EXERCISE DIRECTIONS :: Look for the line containing "Boerhavia erecta Boerhavia erecta" and the line containing "Bitcoin cycles after" in the entries below. Copy those two and all lines between them exactly, leaving out pictures.

PROVIDED RECORDS ::

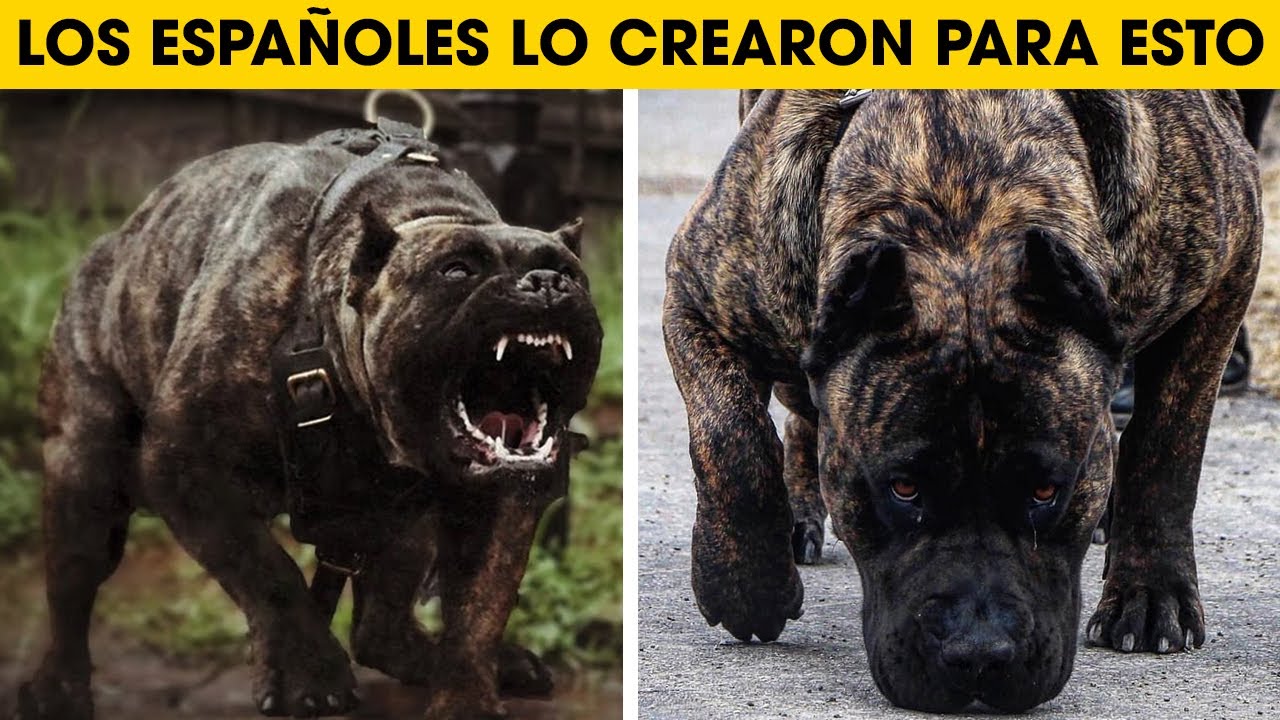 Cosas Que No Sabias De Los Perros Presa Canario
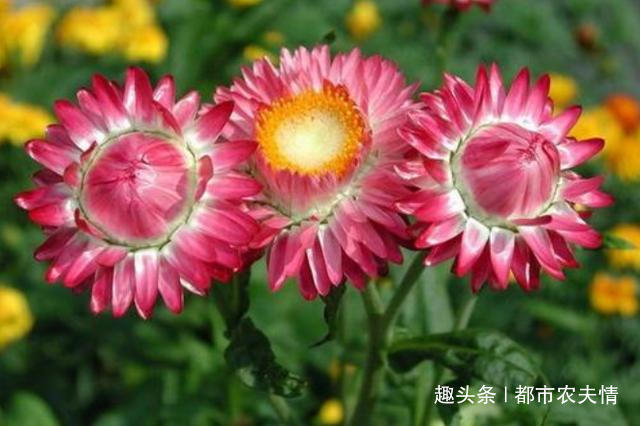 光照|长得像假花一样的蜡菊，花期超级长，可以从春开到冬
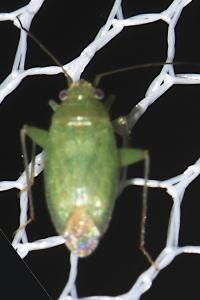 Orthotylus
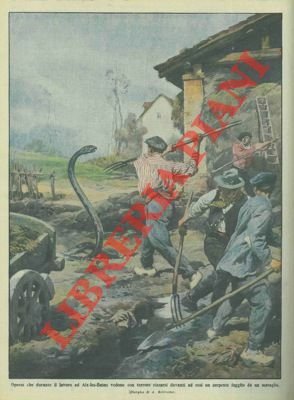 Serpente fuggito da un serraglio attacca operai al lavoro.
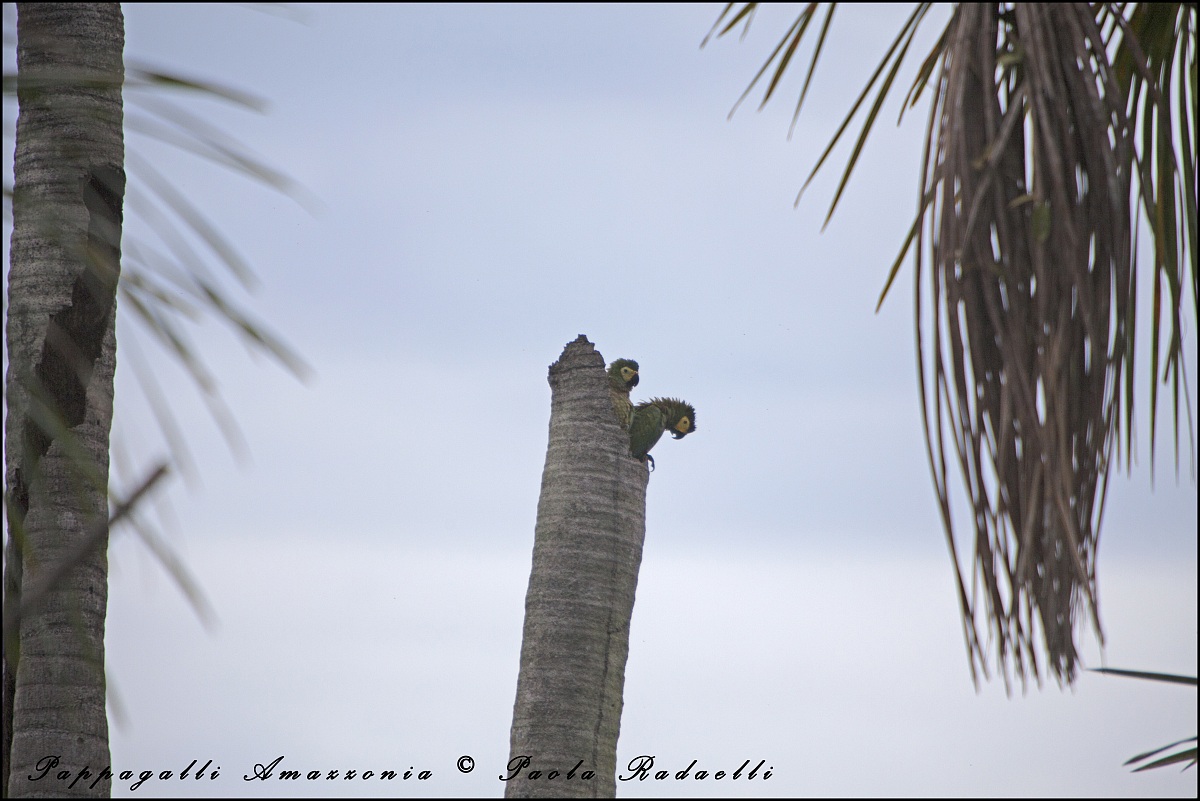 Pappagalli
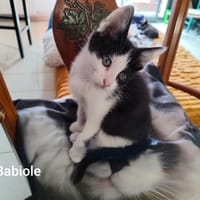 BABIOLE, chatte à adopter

* * *

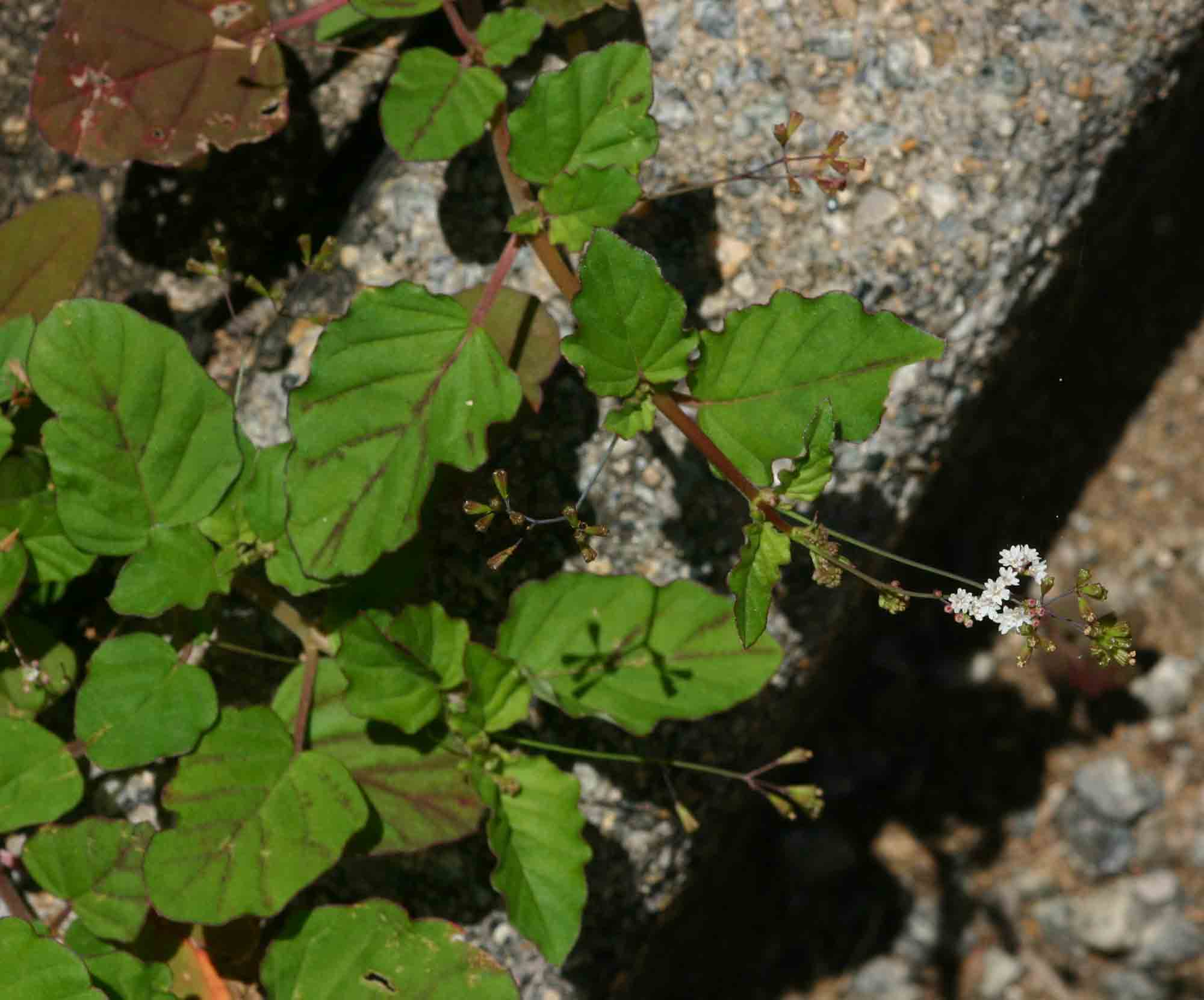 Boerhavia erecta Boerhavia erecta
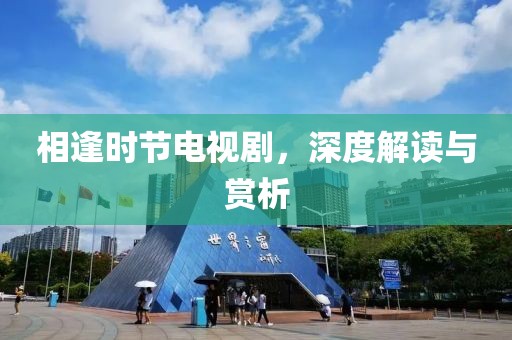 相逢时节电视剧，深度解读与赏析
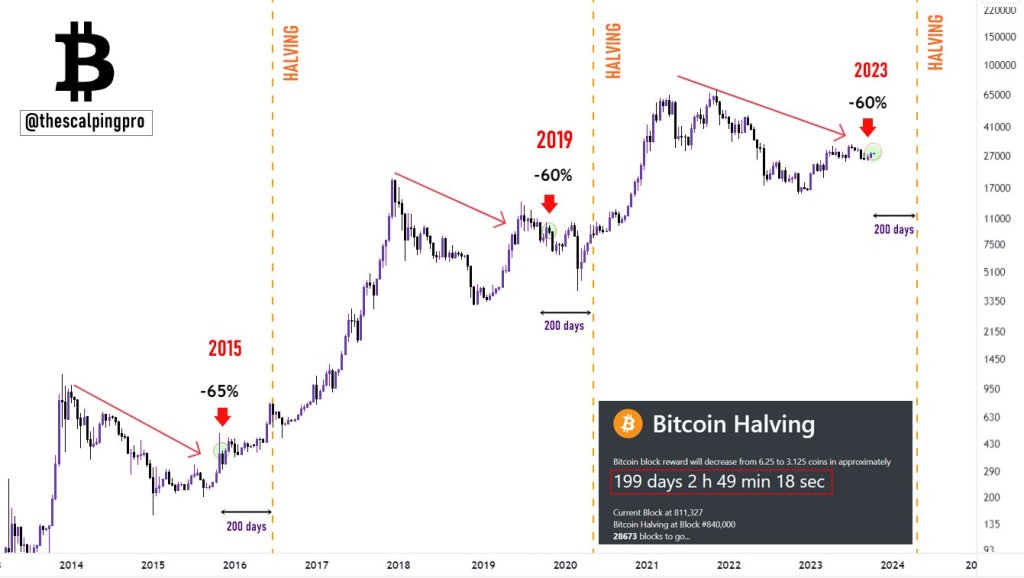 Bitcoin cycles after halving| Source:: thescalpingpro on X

SOLUTION ::
 Boerhavia erecta Boerhavia erecta
 相逢时节电视剧，深度解读与赏析
 Bitcoin cycles after halving| Source:: thescalpingpro on X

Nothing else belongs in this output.